# 2001 Jeep Wrangler Fuel regulator?



## wolfen1086 (Oct 4, 2007)

my Jeep is a 2001, 2.5 FI. everywhere I look on teh internet shows the fuel rail that goes to the injectors as the fuel regulator, since its built into the rail, I've been around for 46 years and I know for a fact that a fuel regulator should have a return line hooked up to it somewhere, alas theres only one line hooked up anywhere on this thing, and thats teh line coming from the tank supplying fuel to the rail. 
Anybody out there know what this thing really is?


----------



## octaneman (May 13, 2009)

Wolfen1086

The fuel regulator has 2 O-rings on it (smaller O-ring the input, the larger O-ring the return) which hooks up to the rail, the regulator itself has an opening on the bottom which returns fuel back to the line.


----------



## wolfen1086 (Oct 4, 2007)

hmmmm, know what, that part there is nowhere in my fuel system at all, the part on the end of the fuel rail is welded to it from the factory, so it must be a damper or some kind, None of teh parts counter guys, ad "experts" at the dealer can tell me what this thing is, all they can tel me is the whole rail is $110 and that piece comes with it already permanently attached .


----------



## octaneman (May 13, 2009)

Can you post a clear picture of the component and its location on the fuel rail ?


----------



## SABL (Jul 4, 2008)

I'm showing a regulator in the parts list, also. I also see a TBI gasket on the list. Perhaps the regulator pertains to the throttle body injection and not the Multi-port system. I will see if I can locate my Jeep manual and take a peek at the fuel systems.


----------



## wolfen1086 (Oct 4, 2007)

octaneman said:


> Can you post a clear picture of the component and its location on the fuel rail ?

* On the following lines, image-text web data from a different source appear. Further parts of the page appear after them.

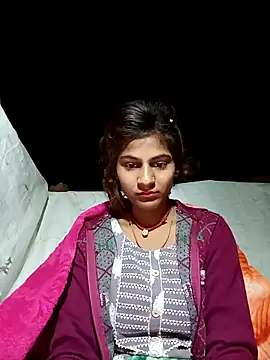 Jyoti thakurr online show from February 7, 8:45 pm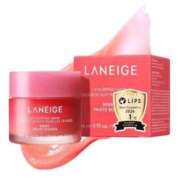 ヒメ日記 2025/11/20 18:05 投稿 ゆづき おいらん遊郭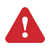 Error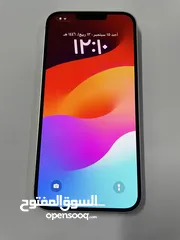  1 ايفون 14 plus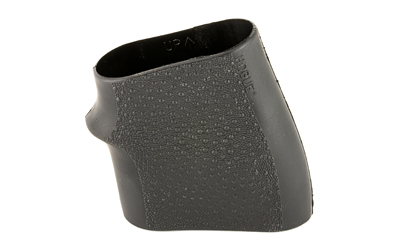 HOGUE HANDALL UNIV JR SMALL BLK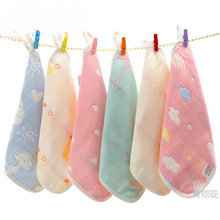 ����25*25���Ӽ�����ͯ��ͨ���hСë���׃��@��ˮ��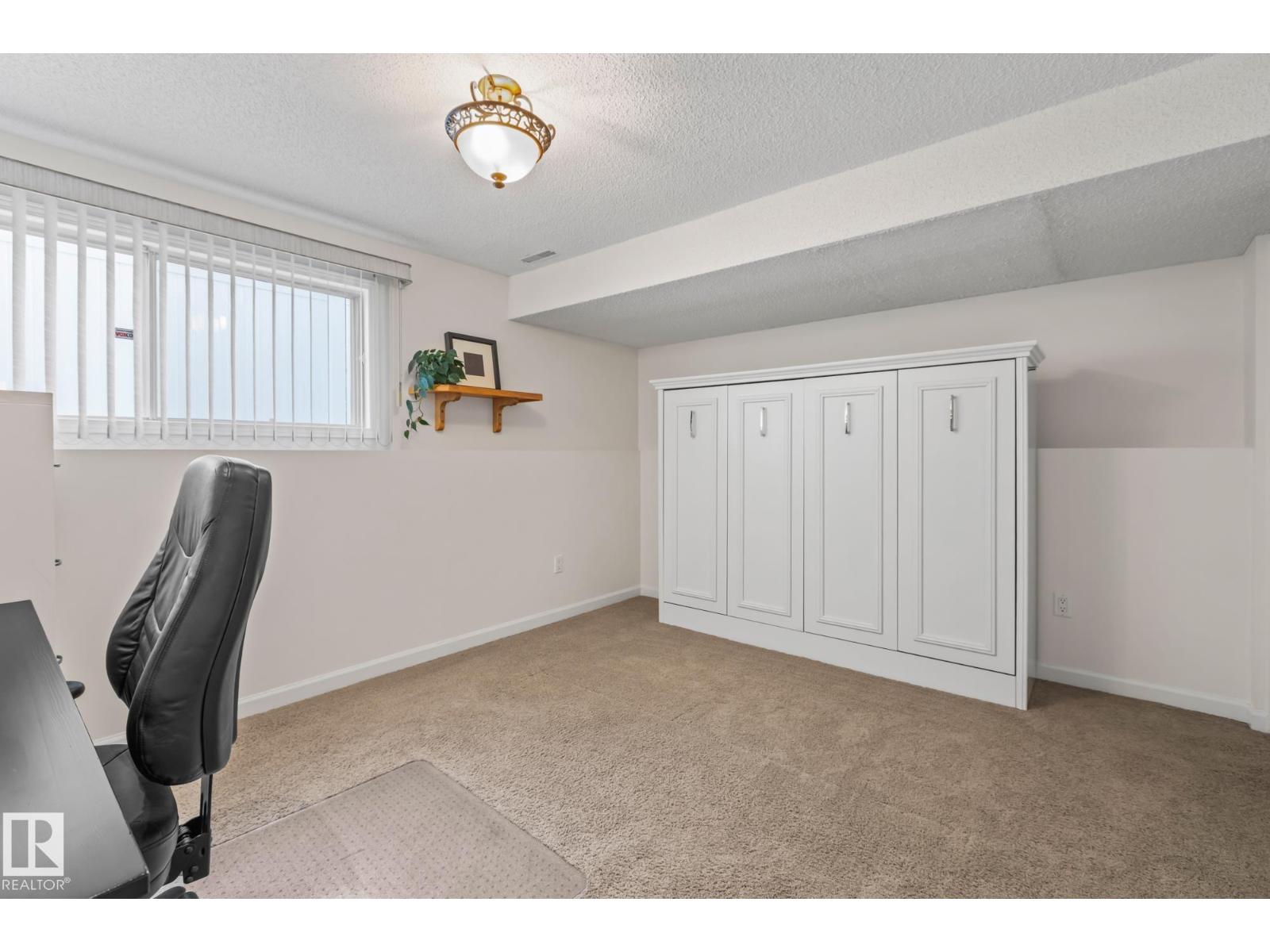 9512 180A AV NW, Edmonton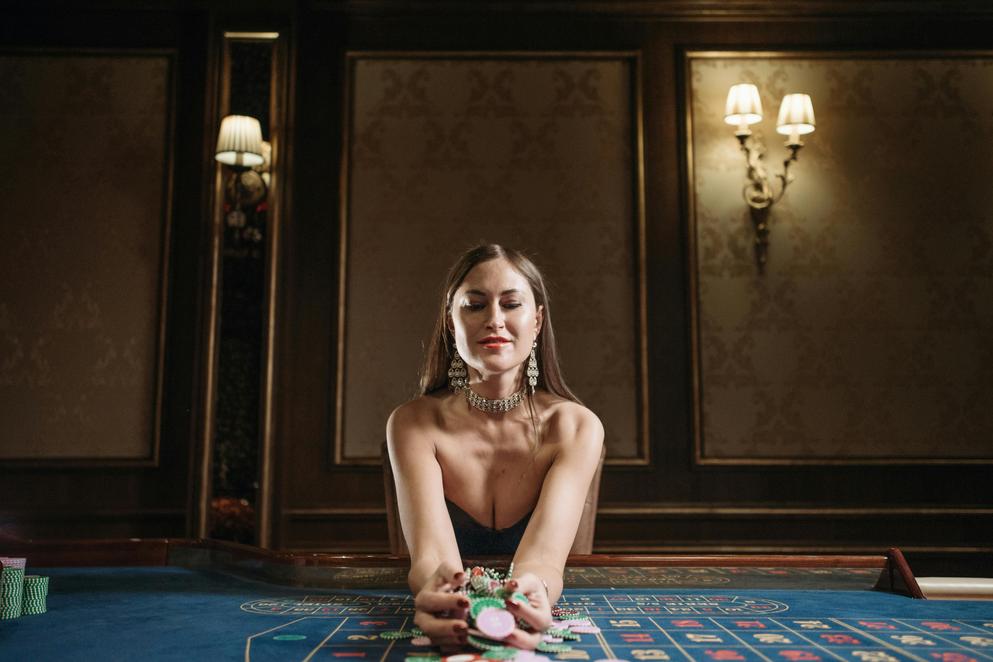 Fairspin casino Fairspin casino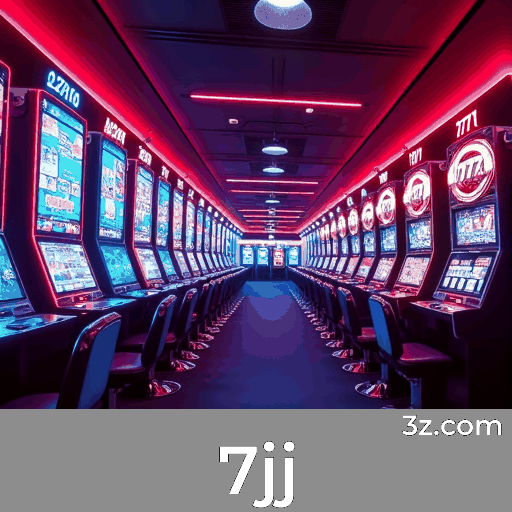 7jj: Jogue Crash e Experimente Ganhos Instantâneos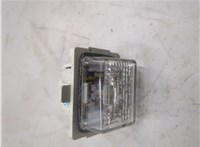 A2218200856 Подсветка номера Mercedes E W212 2013-2016 20259057 #1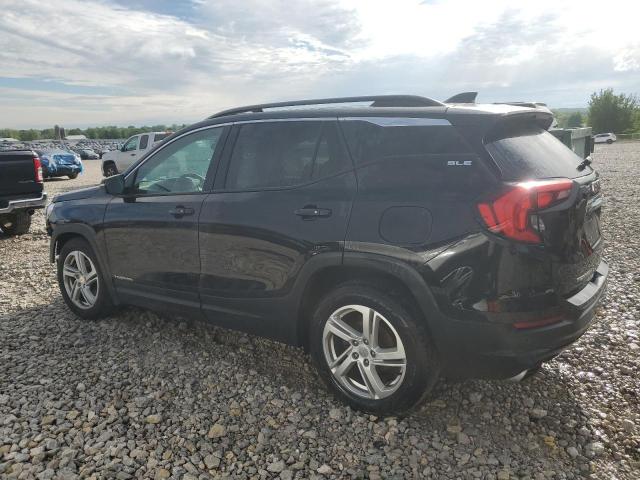 Vin: 3gkalmex1jl127874, lot: 56644635, gmc terrain sle 20182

I'll try to fine one, I really don't want to take the air cleaner tubing off just for a picture  But I know there has got to be a picture somewhere if its on 2001 Jeeps.


----------



## wolfen1086 (Oct 4, 2007)

OK I searched the entire internet ( found both ends too) I can't find this part anywhere, BUT I did find them for sale on Ebay
http://cgi.ebay.com/ebaymotors/ws/e...4506.m7&_trkparms=algo=LVI&itu=UCI&otn=3&ps=5

Thats about what it looks like only where teh rail is smashed to bolt it on on mine it isn't


----------



## Wrench97 (May 10, 2008)

That because it's also the filter located on top of the fuel pump.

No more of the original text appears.